Nick Desaulniers April 10, 2019, 4:35 p.m. | #2
On Wed, Apr 10, 2019 at 6:55 AM Martin Schwidefsky
<schwidefsky@de.ibm.com> wrote:
>

> On Mon,  8 Apr 2019 23:26:25 +0200

> Arnd Bergmann <arnd@arndb.de> wrote:

>

> > clang does not understand the contraint "0" in the CALL_ON_STACK()

> > macro:

> >

> > ../arch/s390/mm/maccess.c:117:10: error: invalid input constraint '0' in asm

> >                 return CALL_ON_STACK(_memcpy_real, S390_lowcore.nodat_stack,

> >                        ^

> > ../arch/s390/include/asm/processor.h:292:20: note: expanded from macro 'CALL_ON_STACK'

> >                   [_fn] "X" (fn) CALL_FMT_##nr : CALL_CLOBBER_##nr);    \

> >                                  ^

> > <scratch space>:207:1: note: expanded from here

> > CALL_FMT_3

> > ^

> > ../arch/s390/include/asm/processor.h:267:20: note: expanded from macro 'CALL_FMT_3'

> >  #define CALL_FMT_3 CALL_FMT_2, "d" (r4)

> >                    ^

> > ../arch/s390/include/asm/processor.h:266:20: note: expanded from macro 'CALL_FMT_2'

> >  #define CALL_FMT_2 CALL_FMT_1, "d" (r3)

> >                    ^

> > ../arch/s390/include/asm/processor.h:265:32: note: expanded from macro 'CALL_FMT_1'

> >  #define CALL_FMT_1 CALL_FMT_0, "0" (r2)
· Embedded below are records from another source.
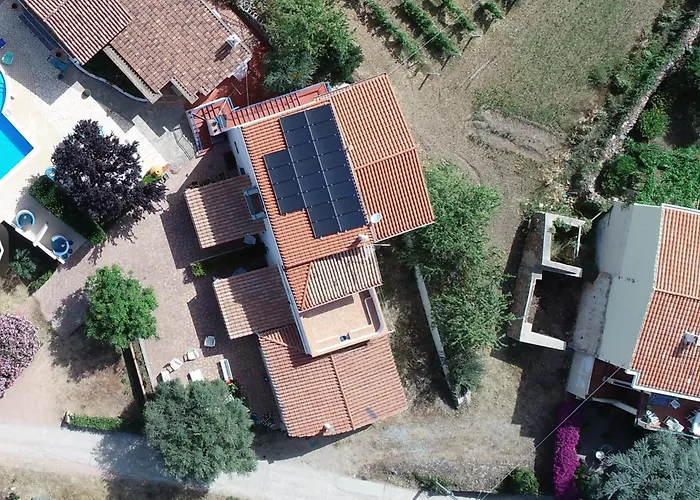 Ferienhaus Domo Mea Cardedu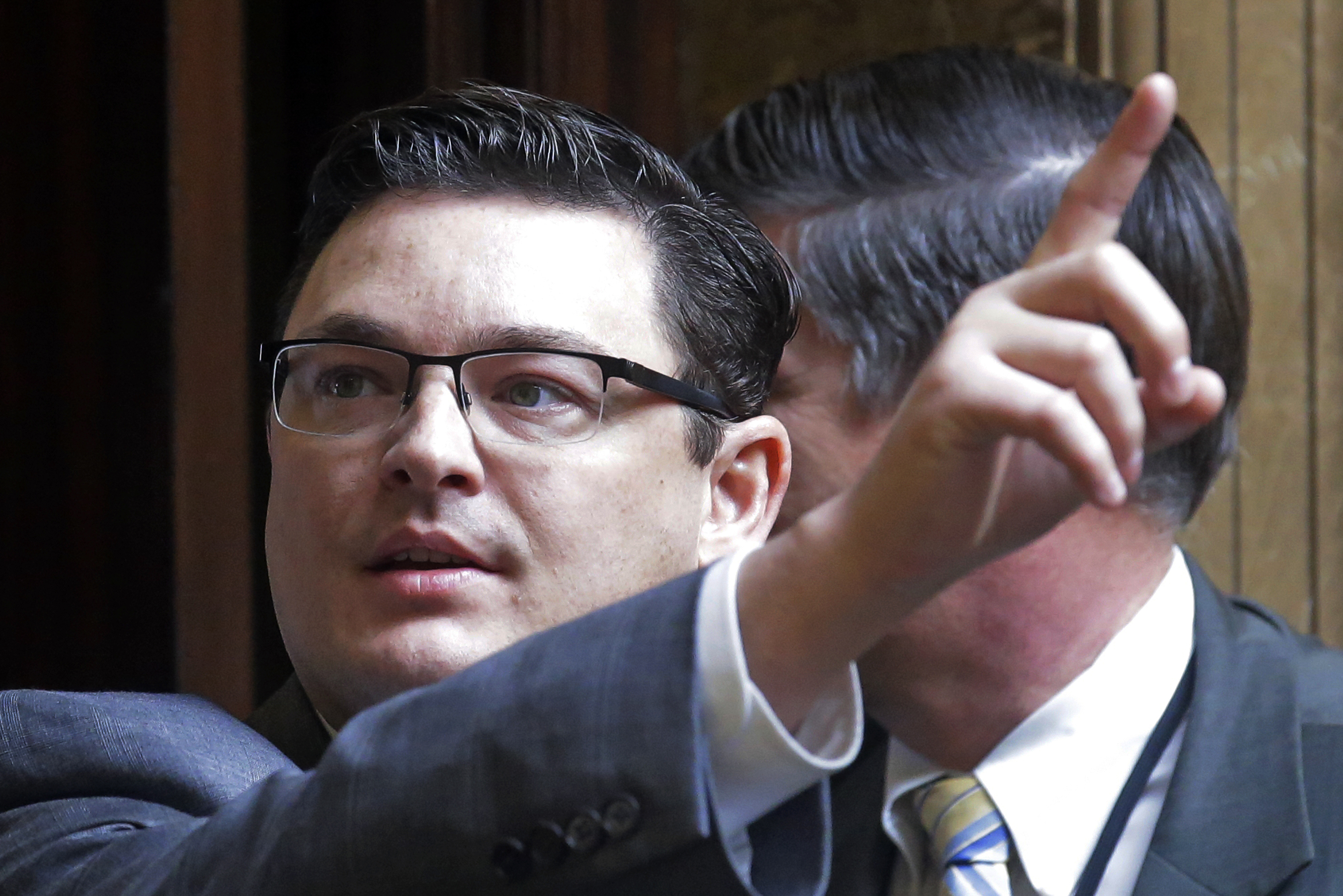 Lawmaker asked to refund hotel tied to prostitute report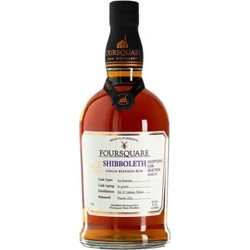 Foursquare Shibboleth Ρούμι 10 Ετών 56% 700ml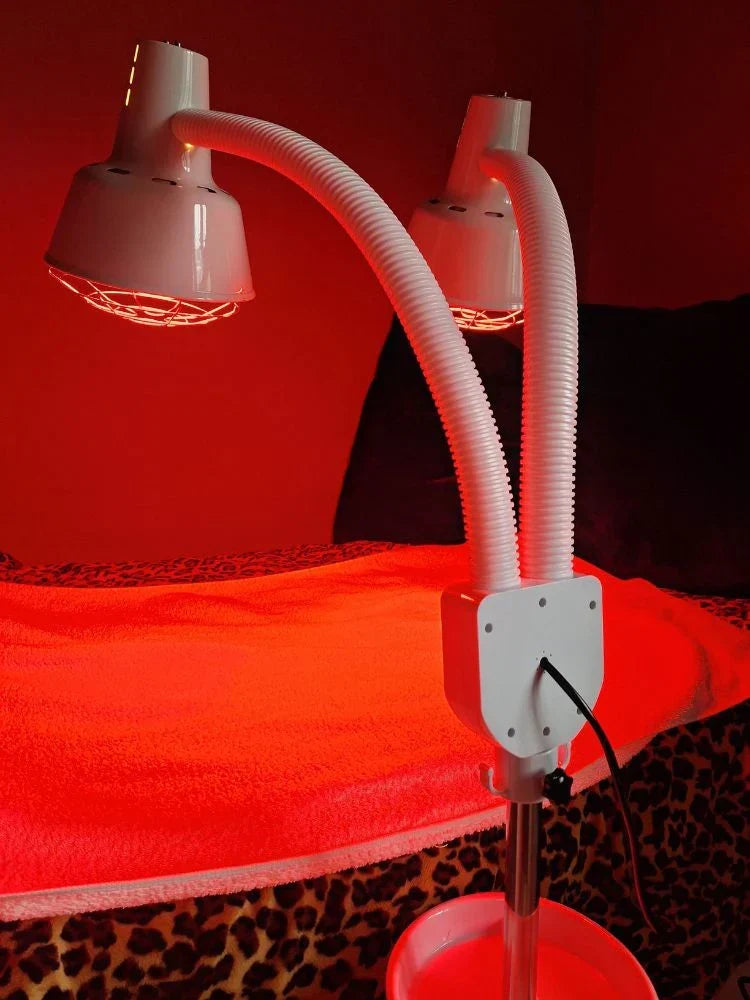 MY-506 Professional Infrared Heating Bulb — Shortwave Infrared Therapeutic Lamp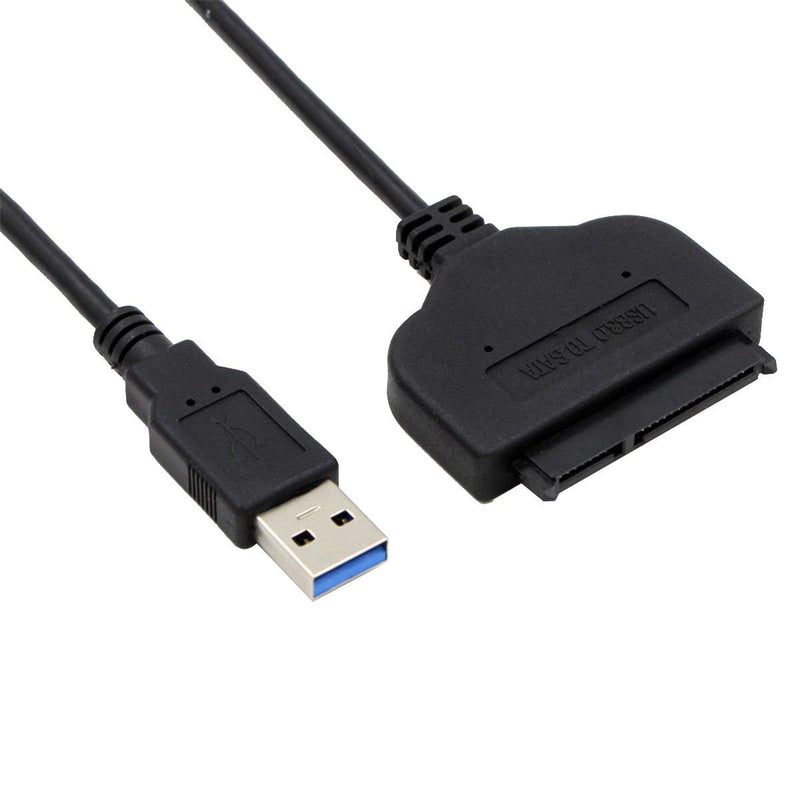 USB To SATA Converter Adapter Cable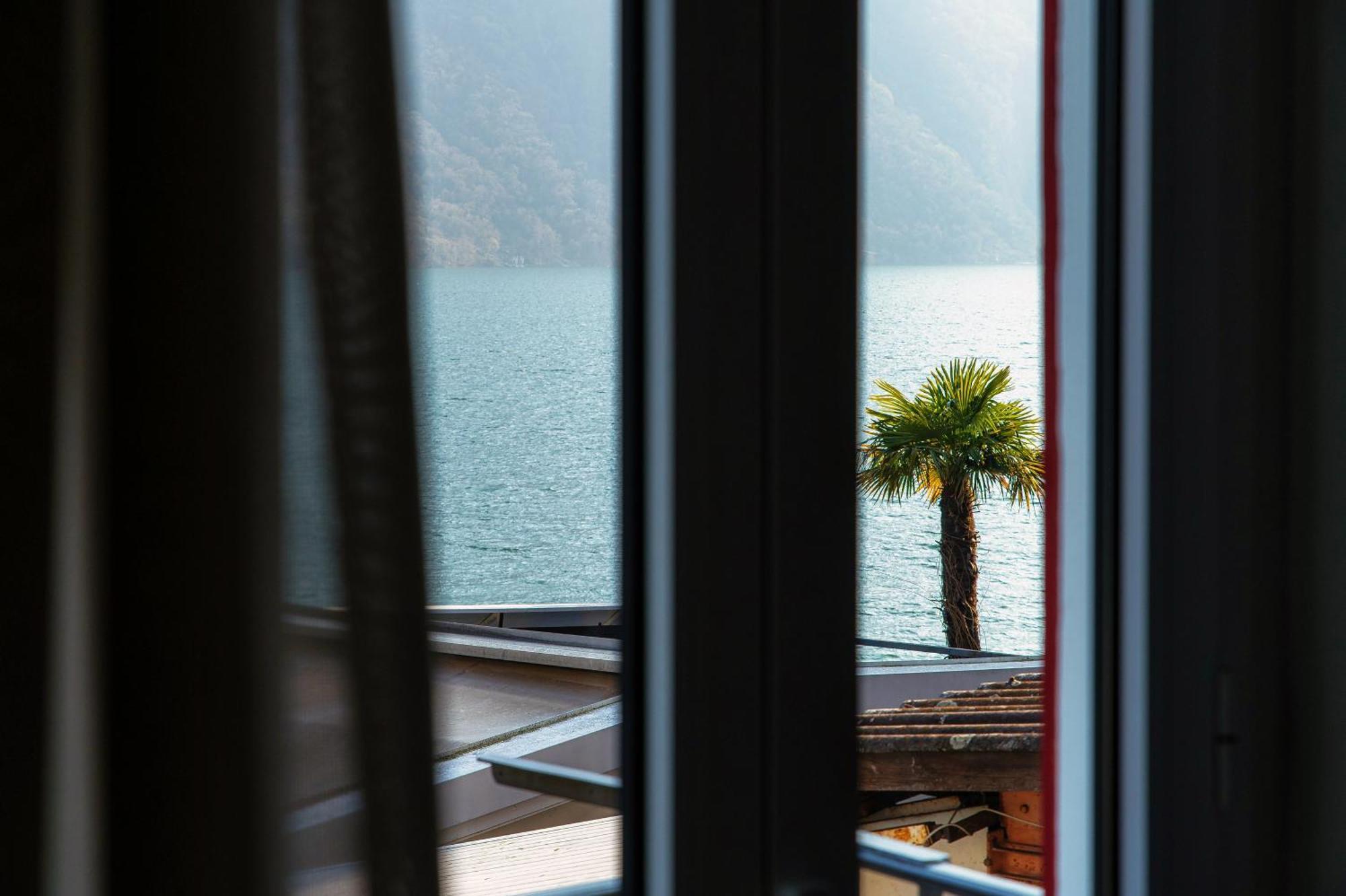 Apartment The House By Quokka 360 - View In Gandria Village Lugano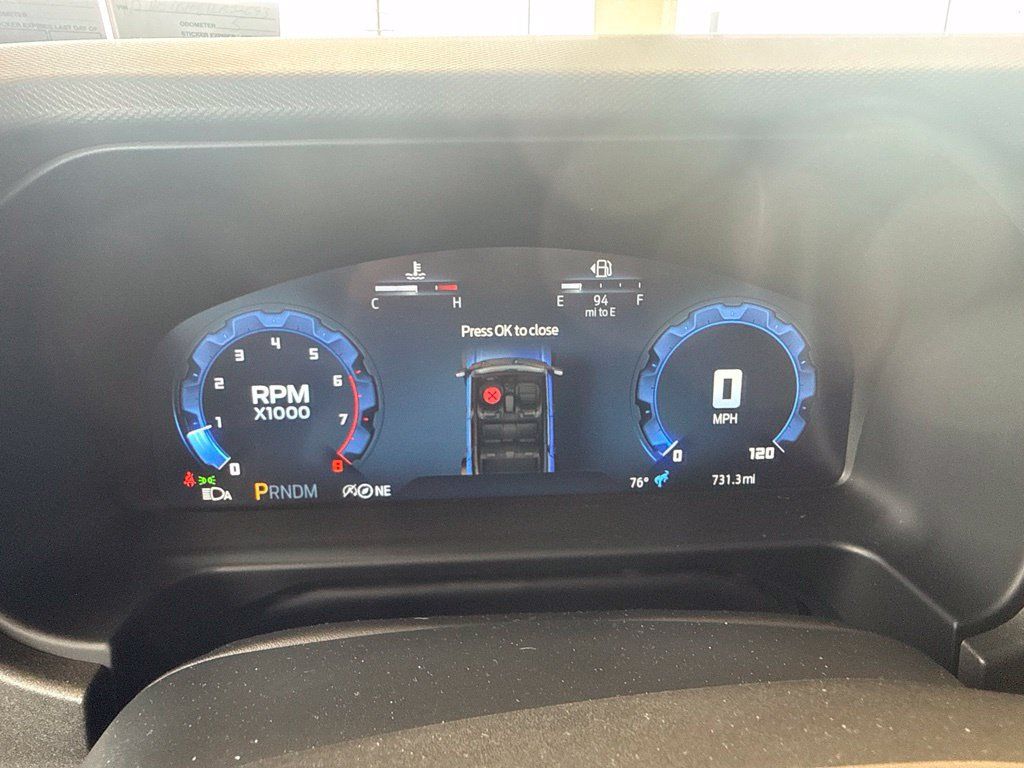 Used 2026 Ford Bronco Big Bend AWD/4WD image 19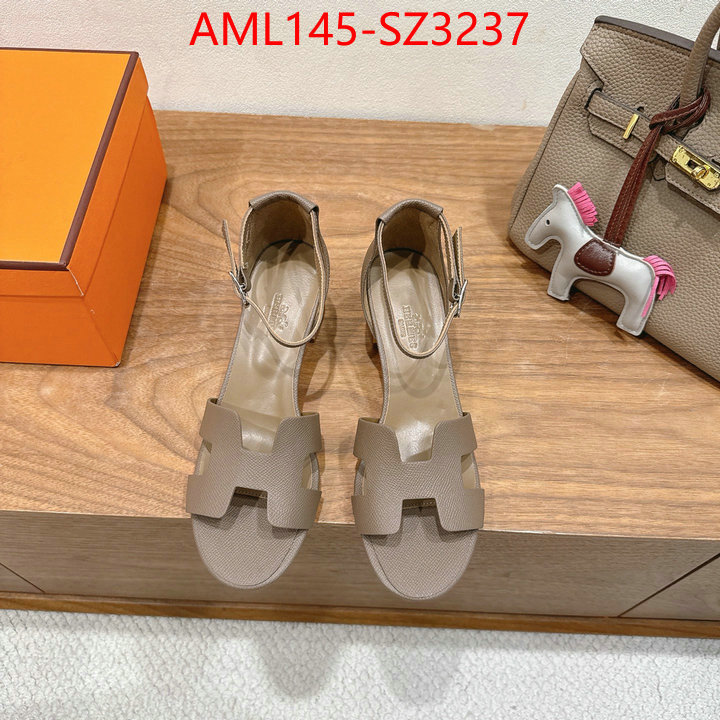 Women Shoes-Hermes new 2024 ID: SZ3237 $: 145USD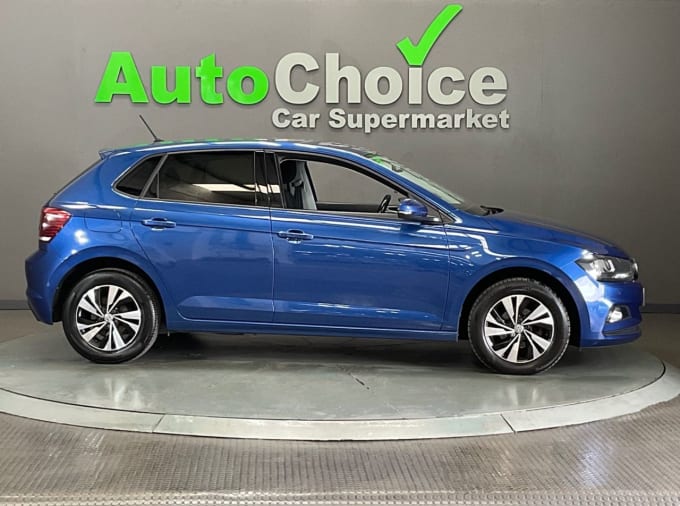 2025 Volkswagen Polo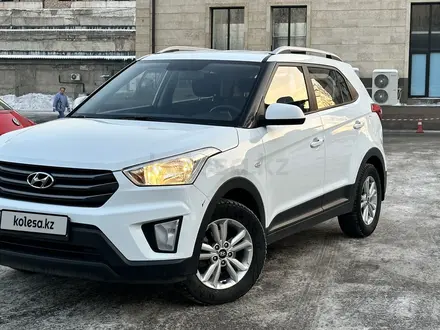 Hyundai Creta 2018 года за 7 800 000 тг. в Алматы – фото 14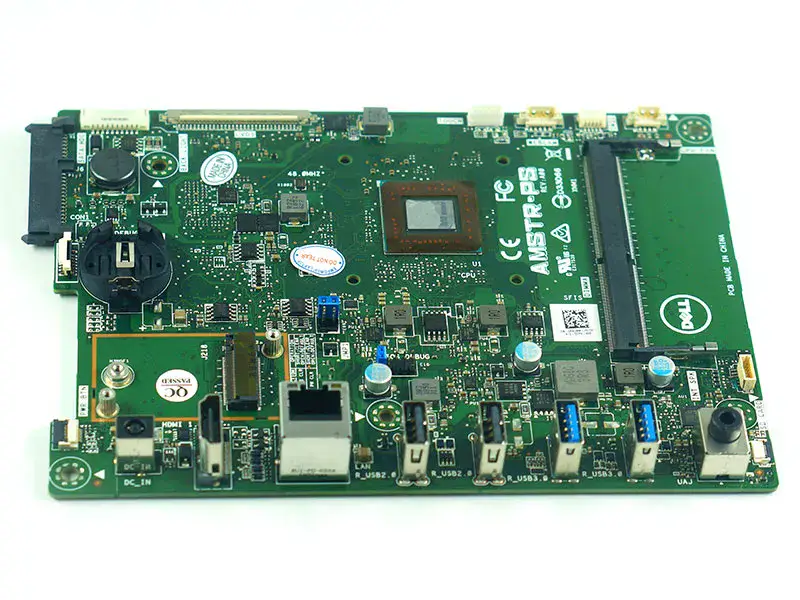 Placa base Dell 24-3475 AMSTR-P CN-0XKD8M CN-04NJ6P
> >                                ^

> >

> > I don't know what the correct fix here would be, changing it to "d" made

> > it build, since clang does understand this one.

> >

> > Signed-off-by: Arnd Bergmann <arnd@arndb.de>

> > ---

> >  arch/s390/include/asm/processor.h | 2 +-

> >  1 file changed, 1 insertion(+), 1 deletion(-)

> >

> > diff --git a/arch/s390/include/asm/processor.h b/arch/s390/include/asm/processor.h

> > index 700c650ffd4f..84c59c99668a 100644

> > --- a/arch/s390/include/asm/processor.h

> > +++ b/arch/s390/include/asm/processor.h

> > @@ -262,7 +262,7 @@ static __no_kasan_or_inline unsigned short stap(void)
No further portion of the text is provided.